Rund um die Uhr arbeiten die Schwestern im Schichtdienst, um die Kleinen zu betreuen. Die betroffenen Mütter helfen dabei, denn ohne begleitende Maßnahmen im Elternhaus würde diese Hilfe wenig Sinn machen. So erfahren die Eltern parallel zur Behandlung ihrer Kinder viel über richtige Ernährung und Hygiene. Wo es durch das übergroße Elend notwendig ist, helfen die Schwestern auch nach der Entlassung des Kindes weiterhin mit Nahrungsmitteln aus. Die Nachbetreuung richtet sich nach Bedarf und kann durchaus über drei und mehr Jahre gehen.

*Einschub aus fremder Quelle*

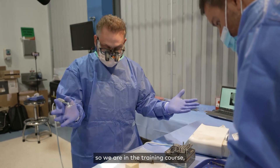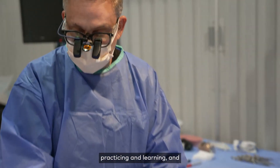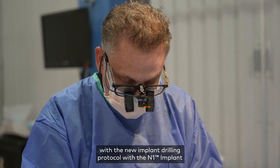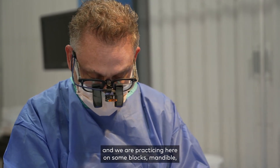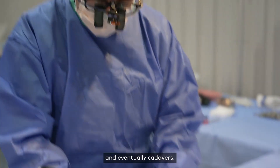We're in the training course practicing and learning and getting some hands-on experience with the new implant drilling protocol and the N1 implant. We're practicing here in some blocks and mandible and eventually cadavers.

Das Gebäude ist sehr beengt, darüber hinaus müssten dringend alle Wasserleitungen aus den Wänden gerissen werden. Deshalb hat man sich entschlossen mit Mitteln der Stadt, aber auch mit Hilfe des Servir e.V. ein neues Gebäude zu bauen. Inzwischen dürfte es fertig sein.


Quebra Guiada,

das kleine Fischerdorf am Rio São Francisco war kaum wieder zu erkennen. Auf den Fundamenten, die die Gruppe von Maria Königin 1995 in zwei Wochen gelegt hatten, thront inzwischen ein 8 mal 15 Meter großes Gemeinschaftsgebäude, das in der Regel als Kirche, im Bedarfsfalle aber auch für Veranstaltungen der Dorfgemeinschaft oder als Getreidespeicher benutzt wird.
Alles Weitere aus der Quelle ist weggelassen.